A 40-year-old woman presented with multiple flat warts on the bilateral arms and legs of 25 years’ duration (Figure 1) that had been unsuccessfully treated by an outside physician with imiquimod cream 5% and tazarotene gel 0.1%. Her medical history was remarkable for recurrent upper respiratory tract infections, urinary tract infections, yeast infections, and otitis media. She also reported a history of 6 spontaneous miscarriages that had been attributed to a balanced chromosomal translocation between chromosomes 12 and 14.

Figure 1. Numerous warts on the right shin prior to squaric acid dibutylester sensitization.

Figure 2. Histologic analysis of a lesion on the right leg revealed epidermal hyperplasia and koilocytosis (H&E, original magnification ×400).

Laboratory evaluation revealed leukopenia, lymphopenia, and hypogammaglobulinemia, with a white blood cell count of 3600/μL (reference range, 4500–11,000/mL), a lymphocyte count of 12.1% (20%–45%), absolute CD4 count of 77 cells/μL (490–1740 cells/μL), absolute CD8 count of 56 cells/mL (180–1170 cells/μL), and serum IgM level of 17 mg/dL (48–271 mg/dL). Human immunodeficiency virus (HIV) titers were negative.

On physical examination numerous pink, flat-topped papules were noted on the forehead and bilateral arms and legs. Histologic analysis of a tangential plane biopsy of a lesion on the right leg revealed hyperkeratosis of the stratum corneum and epidermal hyperplasia (Figure 2). The epidermis also showed focal papillomatosis with areas of hypergranulosis and viropathic changes; these findings were consistent with a diagnosis of verruca plana. Human papillomavirus (HPV) DNA typing by polymerase chain reaction from the verrucous lesions showed HPV type 20, which has been associated with EV. Based on the patient’s clinical findings and HPV subtype, she was diagnosed with atypical EV.

Subsequent treatment with liquid nitrogen, tretinoin cream 0.1%, and topical trichloroacetic acid 50% failed. She received oral isotretinoin at a dosage of 80 mg daily for 9 months, but the lesions persisted and she developed alopecia and ankle stiffness; therefore, the isotretinoin was discontinued. Candida antigen testing revealed that the patient was anergic, and SADBE sensitization was subsequently initiated. Squaric acid dibutylester was utilized as a sensitizing agent, and it was formulated as 2% and 0.2% solutions in acetone, supplied in 20-mL tinted glass bottles.
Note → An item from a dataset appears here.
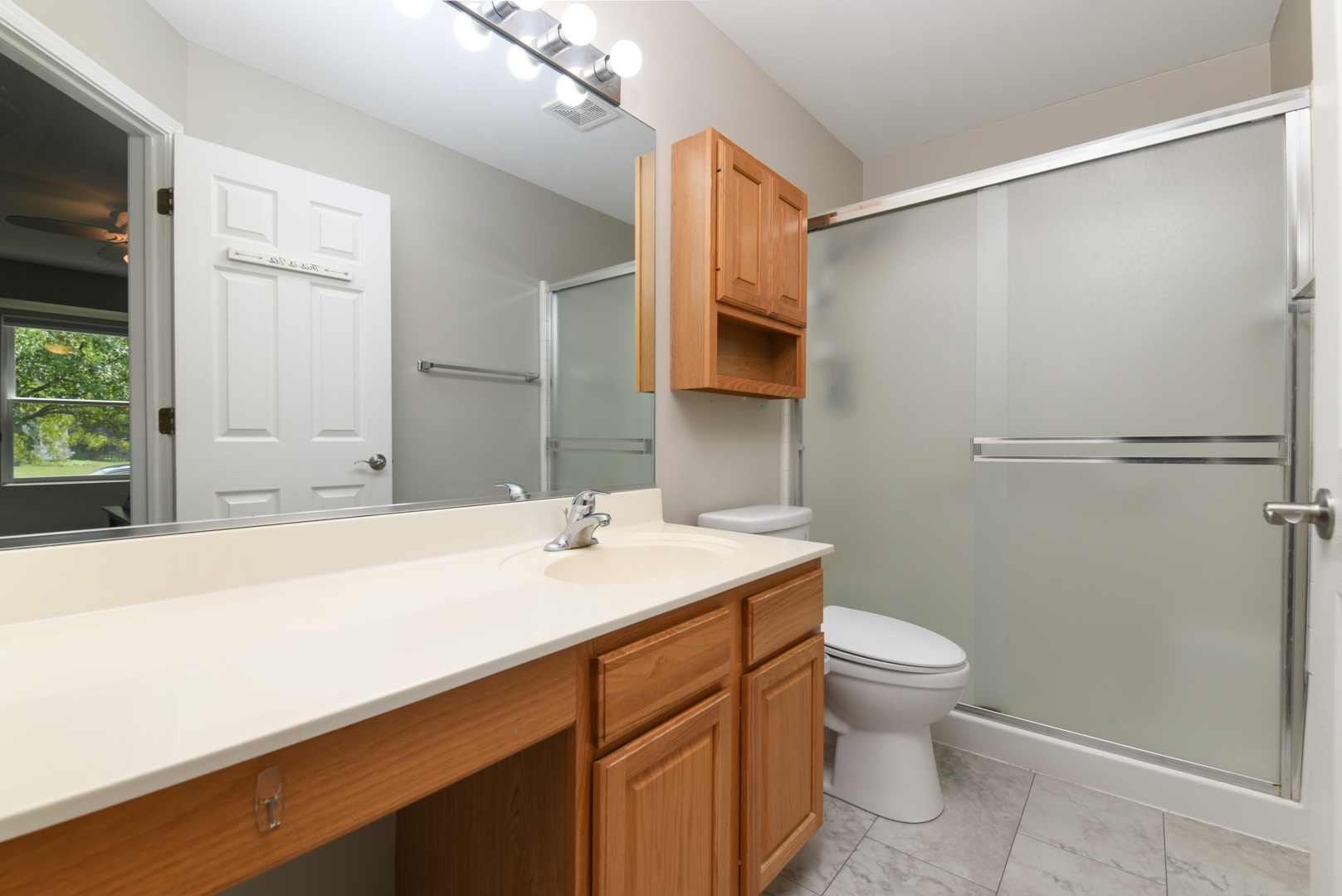 2366 Nantucket Lane, Elgin, IL 60123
Squaric acid dibutylester solution 2% under occlusion was applied to a test area on the right forearm. Three days later, results indicated prominent erythema and inflammation at the application site. Two weeks later, a chronic dermatitic response was noted at the test site (Figure 3). Squaric acid dibutylester 0.2% was then applied to an affected area on the right shin and was kept under occlusion for 48 hours. One month later, no notable changes in the lesions were observed, and no further treatments were performed. Three months later, the patient returned for evaluation and it was noted that the flat warts on the right shin that had been treated with SADBE 0.2% 4 months prior had resolved (Figure 4). Subsequently, it was noted that all of the lesions had regressed, even those that had not been treated with SADBE.
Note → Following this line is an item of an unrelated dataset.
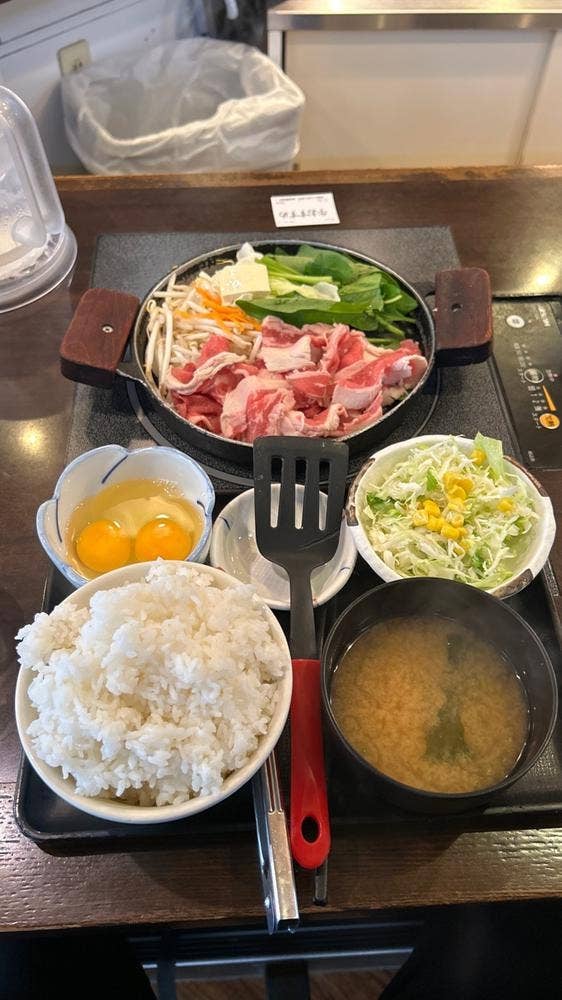 肉屋の正直な食堂 新宿御苑店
Epidermodysplasia verruciformis is a rare genodermatosis caused by a group of phylogenetically related viruses1 belonging to the β-papillomavirus genus.2,3 It is characterized by a combination of pityriasis versicolor–like lesions, reddish verrucalike plaques, and seborrheic keratosis–like plaques,1,4 preferentially on sun-exposed areas.5 The lesions undergo malignant transformation in 30% to 60% of patients,3,6 especially into squamous cell carcinomas.7 The most frequent HPV types found in EV skin lesions are 5, 8, 9, 12, 14, 15, 17, and 19 to 25; types 5 and 8 are found in 90% of cutaneous squamous cell carcinomas in EV patients.2 Human papillomavirus type 20, the type identified in our patient, has been isolated from warts in EV patients,1,2 though it is not the most common type. It has been shown that more than one HPV type could be present concurrently in the same EV patient,1 which necessitates close follow-up for skin cancer evaluation in all EV patients, as oncogenic strains may be present in some lesions.